The issue of whether the 198 nations at Cop28 should decide on a phase-out or phase-down of fossil fuels is one of the most fiercely fought issues at the summit and may be the main determinant of its success.
The new report states: “A rapid and managed fossil fuel phase-out is required to stay within the Paris agreement target range.” It said Cop28 should “take unambiguous steps towards clear commitments for a managed phase-out of all fossil fuels”.
Rockström said: “Science is clear. Cop28 must be the global meeting when the world gets serious about phasing out fossil-fuels. So far, we have failed, taking us on a dangerous path towards losing sight of the Paris agreement target: the 1.5C biophysical limit.”
Dr Ploy Achakulwisut at the Stockholm Environment Institute, who is a member of the UN secretary general’s climate action team, said: “The science demands that it should not be controversial to pledge to phase out all fossil fuels. That is what we need to keep 1.5C alive.
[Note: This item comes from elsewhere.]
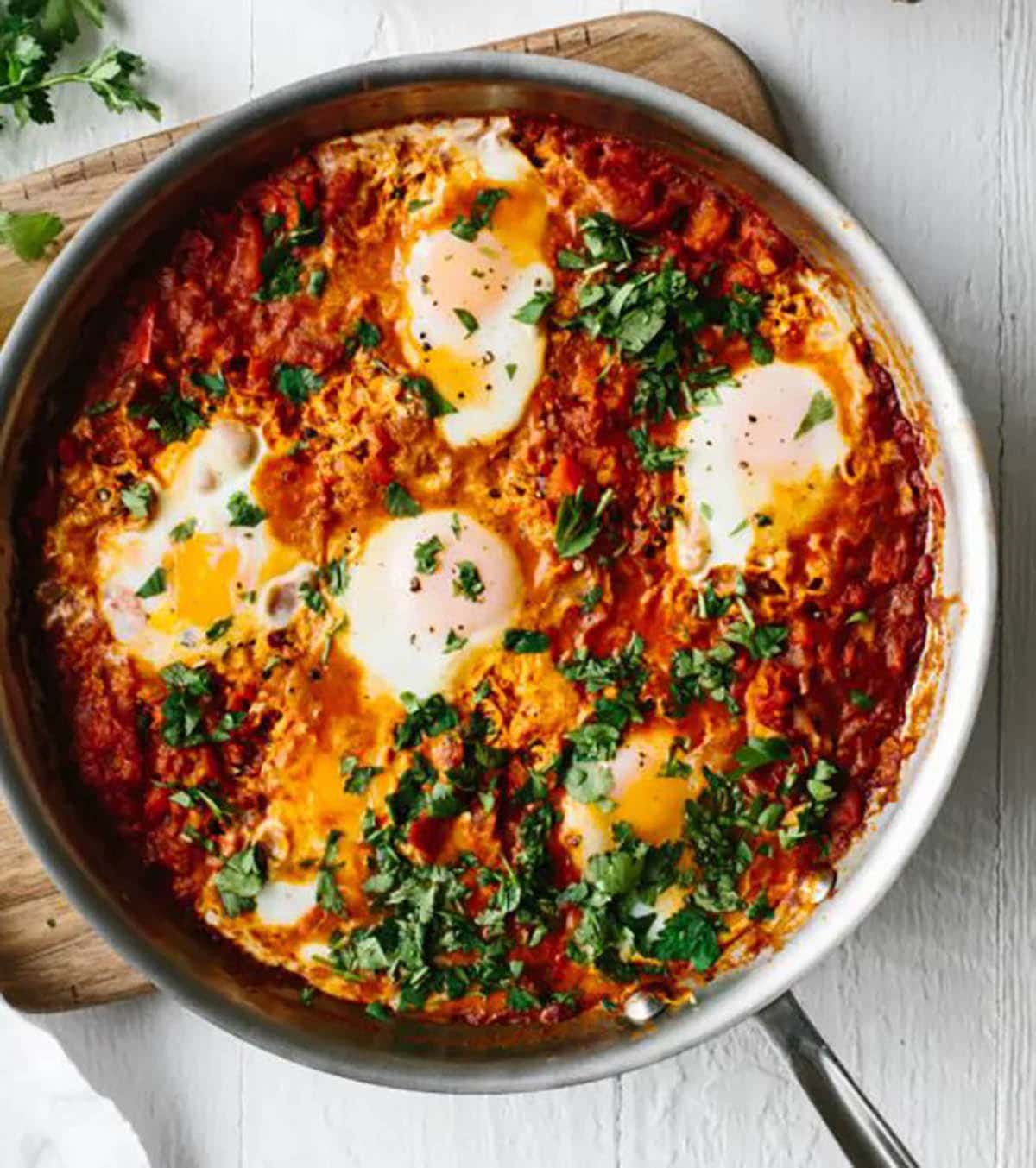 Shakshuka (poached eggs in tomato sauce topped with parsley and cilantro)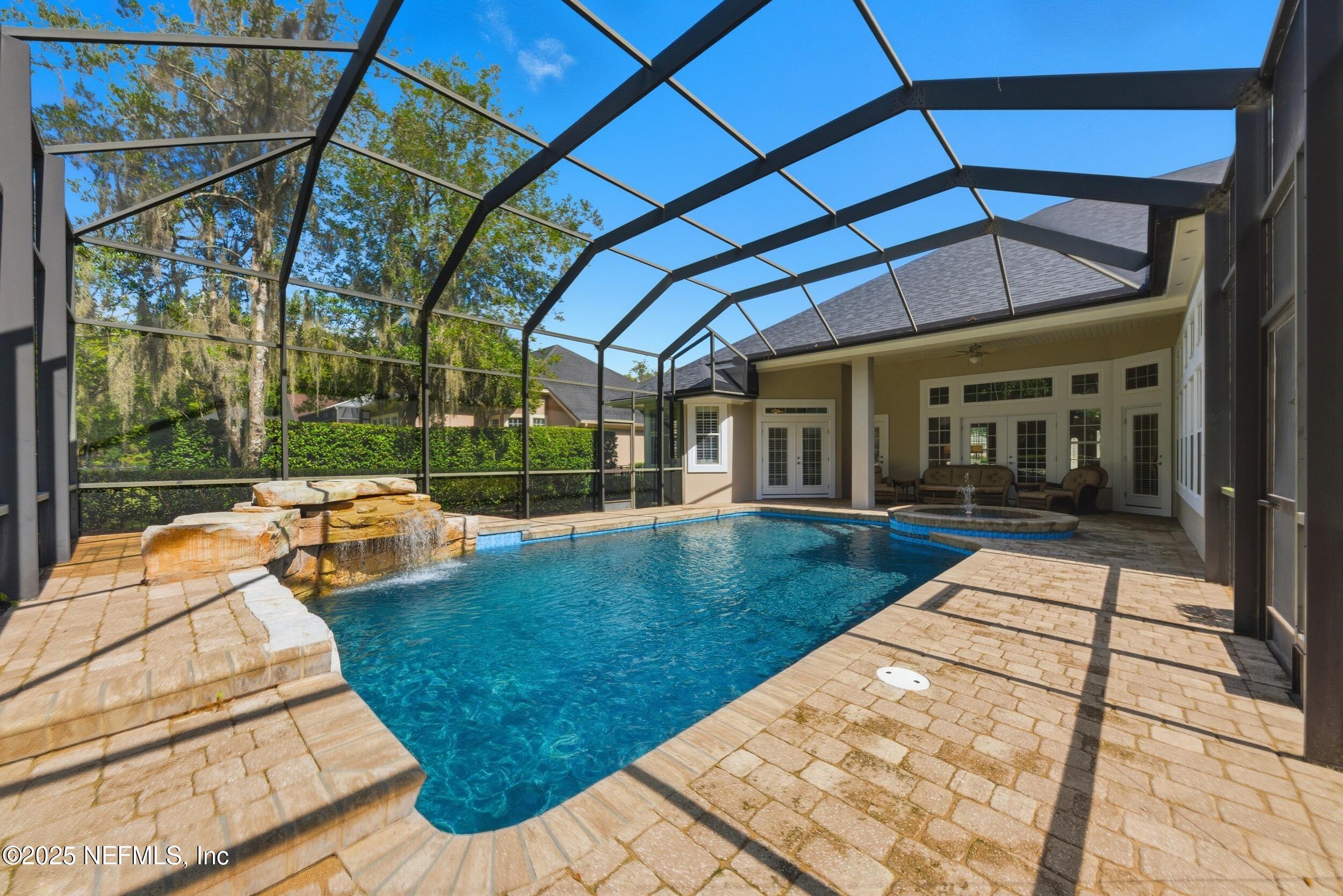 10044 Vineyard Lake Road East Jacksonville, FL 32256 - Photo 29 of 34 a view of a backyard with sitting area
“And if some qualifying term, like ‘unabated’ is used, it needs to be clearly well defined, with science based thresholds. High-income countries must lead this transition [to renewable energy] and provide support for countries with lower capacities.”
The report was supported by Simon Stiell, executive secretary of the UNFCCC, the treaty under which the Cop meetings are held. He said in a press release: “The ‘Ten new insights in climate science’ report provides an essential tool for decision-makers at a critical time in the climate calendar each year. Scientific findings from reports like these should inform the ambitious and evidence-based action plans needed in this critical decade of accelerated climate action.”
The report was produced by leading climate scientists for Future Earth, the Earth League and the World Climate Research Programme.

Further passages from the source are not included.